**SUPPLIED MATERIAL**.
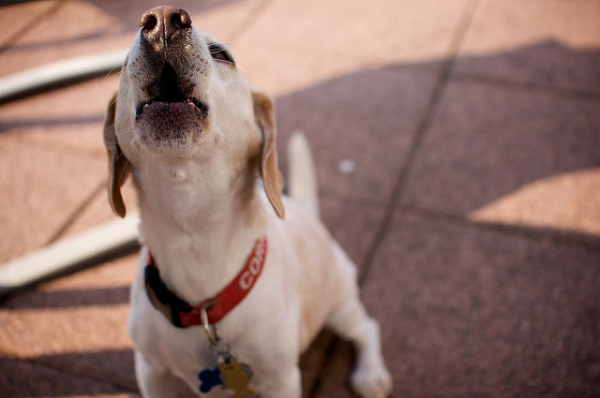 barky-breeds-beagle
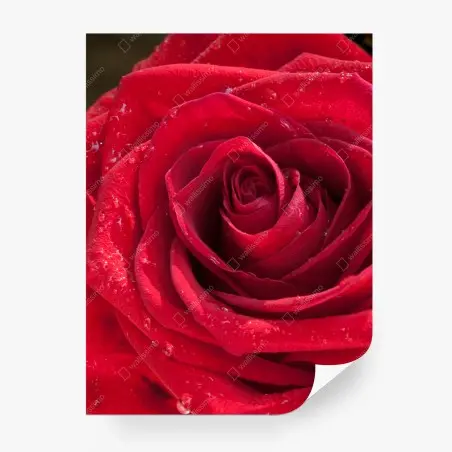 Papier peint rose rouge en gros plan élégance florale – Wallnifity®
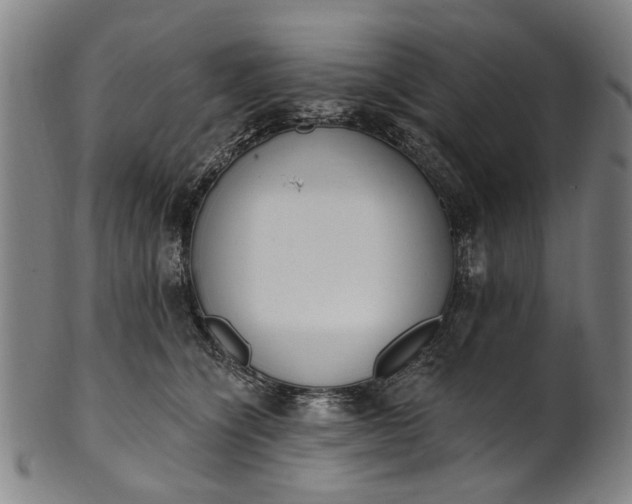 X0000101230564200807111123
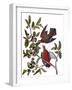 Audubon: Dove, 1827-38-John James Audubon-Framed Giclee Print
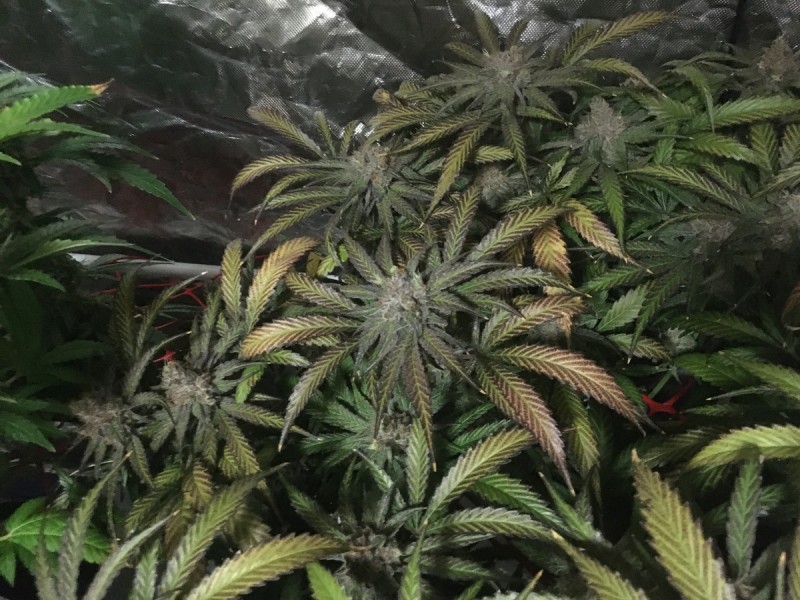 7A8634BA-739B-4666-AA02-DE25B703D7B6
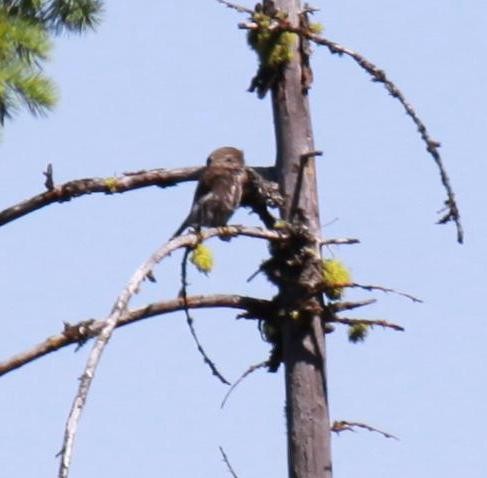 Northern Pygmy-Owl - ML622240020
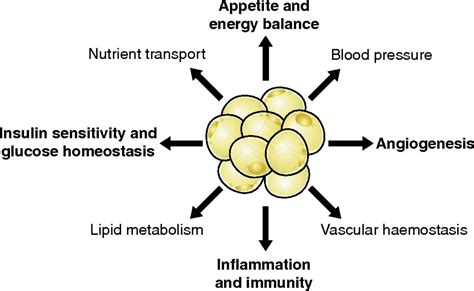 functions of adipose - Search | Metabolism, Blood pressure, Search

**INSTRUCTIONS TO FOLLOW**. Omit all pictures, and repeat exactly the lines from the line containing "Papier peint rose" through the end of the data.

**ANSWER FOR THE TASK**.
 Papier peint rose rouge en gros plan élégance florale – Wallnifity®
 X0000101230564200807111123
 Audubon: Dove, 1827-38-John James Audubon-Framed Giclee Print
 7A8634BA-739B-4666-AA02-DE25B703D7B6
 Northern Pygmy-Owl - ML622240020
 functions of adipose - Search | Metabolism, Blood pressure, Search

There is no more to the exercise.